Wednesday, November 5, 2008

October 30 - The Least, Last, and Lost Reflections

Andrea wrote a wonderful description of our time in Meina and Rome – and she actually lessoned a little of the drama and frustration of being lost in Meina! Here are just a few more thoughts and reflections that surfaced during our time in these places.

I keep looking for good news in our wanderings. I keep looking for the least, the last, the lost and what good news there might be for them. This is what our friend Kris Rocke does as he leads the Center for Transforming Mission. CTM's goal is to come along side those who are working in hard places – especially among youth to bring them true good news, training, and encouragement that they are not alone. I was surprised by the thought and realization that for the last seven years I have been doing hard work in a hard place. Kris and CTM have always been life giving for me and I have participated in many of their gatherings and trainings, but usually I didn't think of myself being and working in a hard place. I've realized that it was a very hard place. While I loved Sound Youth Counseling especially working with the staff and clients, I still am working out my time in Tacoma. Perhaps more on this later.

Our time in Meina however served to focus like a laser what it is like to be in the position of the marginalized. Meina is on the shores of Lago (Lake) Maggiore, which is very similar to Lake Como. Beautiful homes and villas on the water extending up into the hills but without a doubt the most pedestrian unfriendly place I have ever been in my life. If you had a car, it would be great – and you would be like everyone else who lives there, able to get places, able to purchase food, able to fit in. But without a car, it like Andrea suggested was a difficult, unsafe and somewhat life threatening place. This is no place for someone without a car, no place for someone poor – and while we are far from poor compared to most of the world, our time their (even with a lovely B&B) let us experience what it is like to be an outsider and not fit in, not understand.

I kept thinking of all the verses about taking in the stranger and looking after the foreigner and have a very different perspective than I did before and it's not like I hadn't thought about things like this before either! Andrea also mentioned that our experience of being in Meina is very similar to the third culture kid experience, when you are plopped down somewhere completely unknown and it's hard, yet you figure it out and keep on going. Although TCK's do this with their lives often over and over again!

The other experience that made real the least, last and lost to me took place on our first night in Rome. Andrea and I were a little tired and grumpy at each other, needing some sleep and a little space after being continually on the go. We went back to the central Rome train station which in addition to trains also has many restaurants and stores.

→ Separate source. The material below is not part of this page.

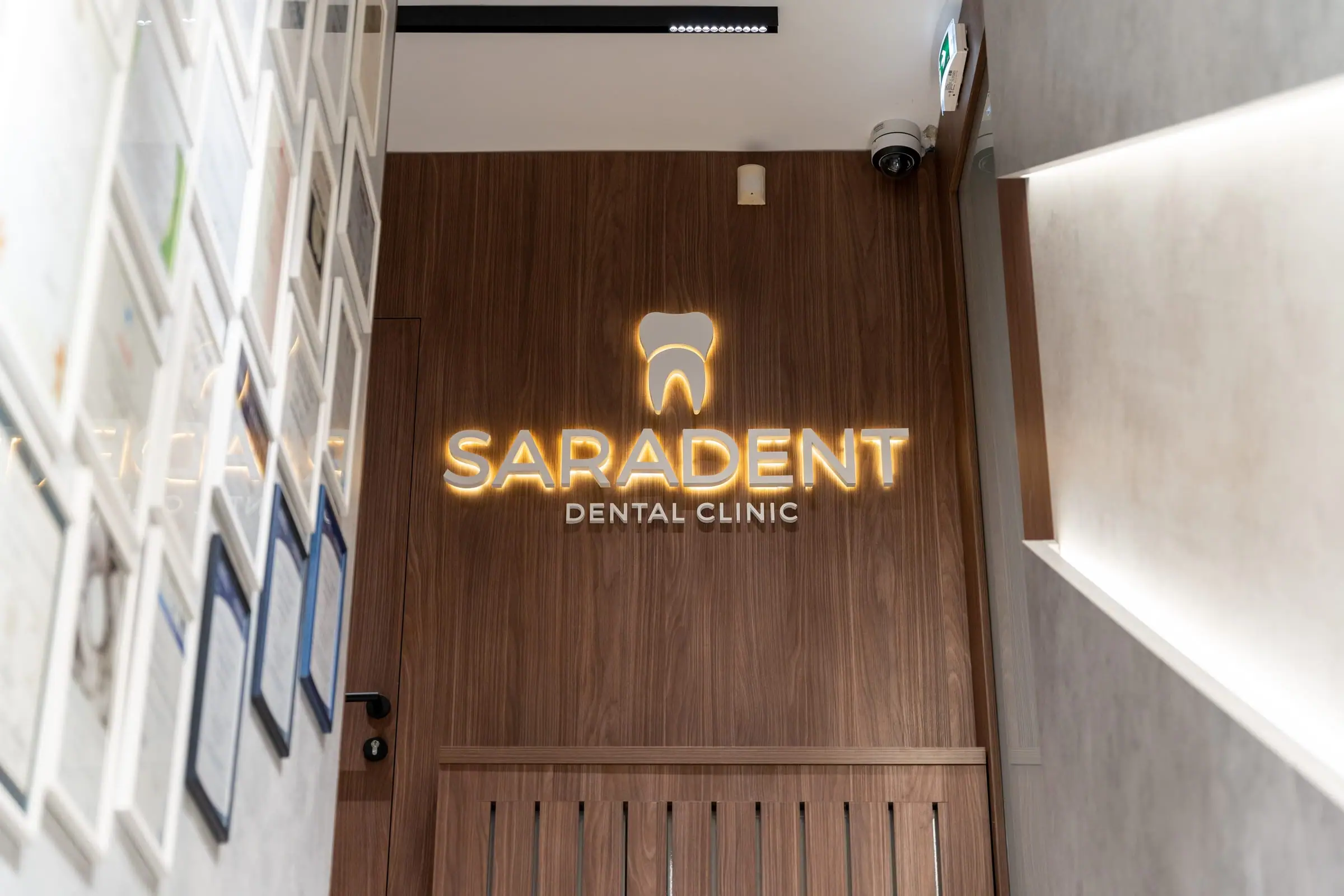 Hodnik s diplomama i osvijetljenim logotipom na zidu od oraha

We were getting in line to check out of the grocery store when we noticed a girl ahead of us in line whose face was so covered in piercings it floored me and made my petty complaints just vanish. It wasn't just that she was a human pin cushion, she was obviously in a bad way, drugged and slumped over. She was standing in line with a man but was literally falling asleep standing up. He would shake her every now and again when she started to slump more towards the ground. I wanted to take a picture but it would have been so violating to her and everyone was already violating her with their stares. I don't know what we could have done. Andrea and I walked back to where we were staying in silence. I quickly scribbled down these words on the back of a receipt.

I'm sorry it took you

I'm sorry it took you
to wake me from my stupor
break me out of my funk
shock me out of my shallow selfishness

Right in front of me
at the check out stand
with a man, cigarette hanging from his lips, buying cheap wine,
steadying you so wouldn't fall down

If your eyes had been open
you would have known the stares of everyone in the store
perhaps you already felt them
perhaps that's why your eyes were closed

Under 20, maybe 15 – barely holding on, barely human
Drugged, high, swaying
Dirty, baggy clothes covering most of you
But what was visible...

Hands, scarred; nails, blackened nubs
mostly shaved head except for a few magenta strands
piercings covering your face
Ears, lips eyes, nose, cheeks – far, far too many to count

Grotesque
Spectacle
Awful
Stunning
Sad
Beauty – horribly scarred
God's image
Maybe Jesus
in the flesh
wrapped in your own stupor to break me from mine
But I'm sorry it took you.

Isaiah 53

Duncan

1 comment:

Amy Van Hooydonk said...

Wow! I just read your poem and the paragraph leading up to it and I was floored. I printed it off for Brittany and Ben to read and I've hung a copy of it on my wall in my office. Reading it reminded me of how cool you are! We miss you here at SYC and I hope you both are doing well!